## Instructions to follow
Repeat, word for word, all the data that follows, and exclude the pictures.

## Available data
/---

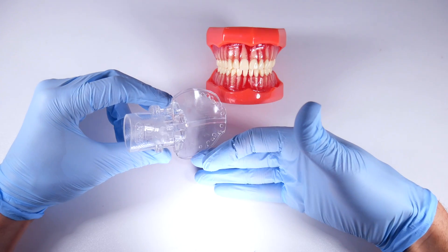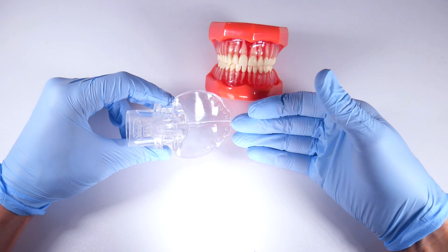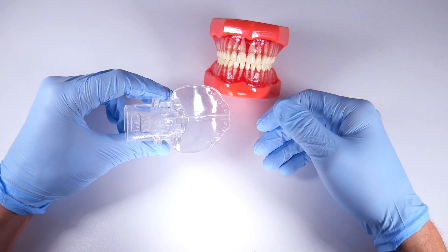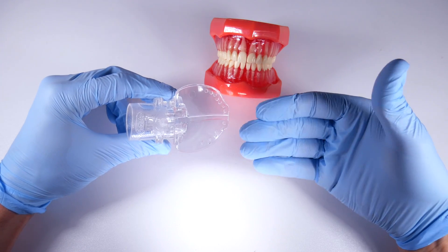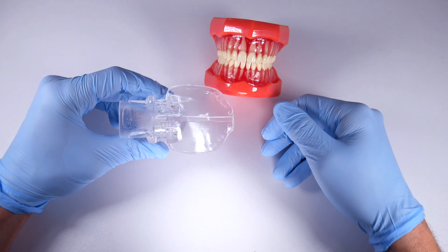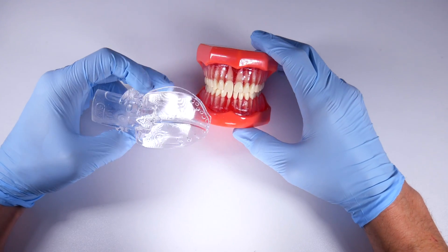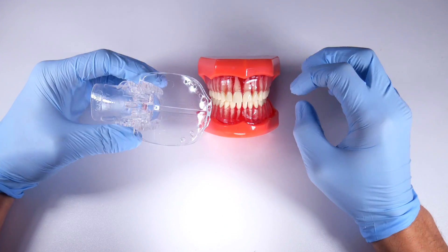This helps retract the tongue and doubles as an oropharyngeal screen so you're not going to lose anything down the patient's throat or into the airway. It's also suctioning, so when you're using your handpiece your assistant is suctioning too, but this picks up anything they might miss or any overflow — which is really good for bleeding as well, so the patient isn't swallowing as much blood while you're working.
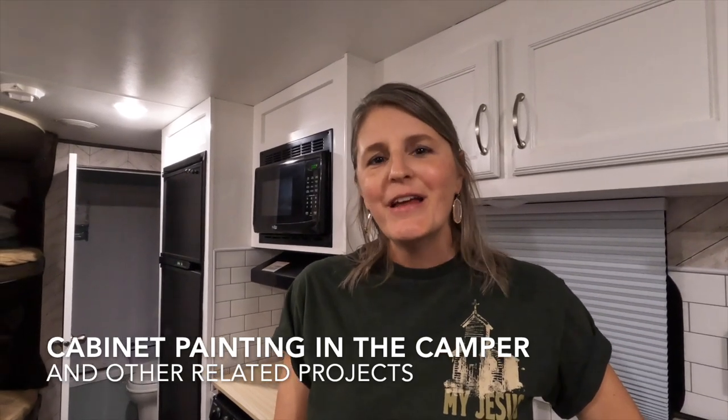Hey guys, welcome back to the channel. This video is going to cover some completion of the cabinet painting in the trailer, a shelf installation inside the large cabinet above our dinette, a few touches on a cool little shelf on the pass-through wall from the master to the living room, and also what I did around the door. Hang in there — there's a lot of bouncing around. Hope you enjoy it, thanks for tuning in.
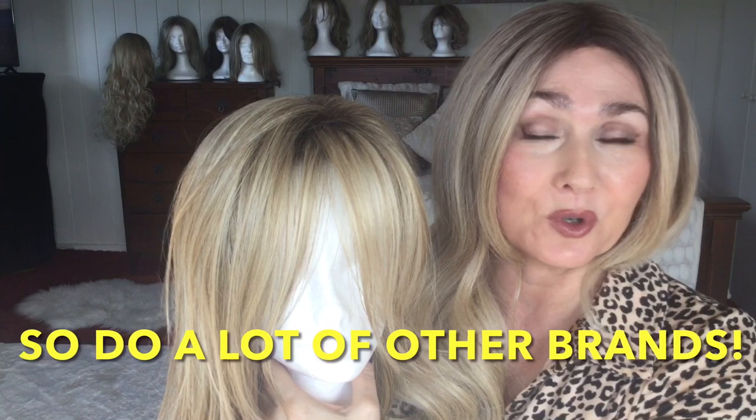Now this beautiful wig is Angelica by Noriko and quite often Noriko wigs do have permatease. I love this wig but when I first got her out of the box the permatease was extremely nesty. I worked on that wig and reduced the permatease, but you can see in this picture that the permatease gives Angelica some fantastic height on top. As we get older, it's really great to add some height to the top of your head — it gives us a much more youthful appearance.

\---

## Completed exercise
This helps retract the tongue and doubles as an oropharyngeal screen so you're not going to lose anything down the patient's throat or into the airway. It's also suctioning, so when you're using your handpiece your assistant is suctioning too, but this picks up anything they might miss or any overflow — which is really good for bleeding as well, so the patient isn't swallowing as much blood while you're working.
Hey guys, welcome back to the channel. This video is going to cover some completion of the cabinet painting in the trailer, a shelf installation inside the large cabinet above our dinette, a few touches on a cool little shelf on the pass-through wall from the master to the living room, and also what I did around the door. Hang in there — there's a lot of bouncing around. Hope you enjoy it, thanks for tuning in.
Now this beautiful wig is Angelica by Noriko and quite often Noriko wigs do have permatease. I love this wig but when I first got her out of the box the permatease was extremely nesty. I worked on that wig and reduced the permatease, but you can see in this picture that the permatease gives Angelica some fantastic height on top. As we get older, it's really great to add some height to the top of your head — it gives us a much more youthful appearance.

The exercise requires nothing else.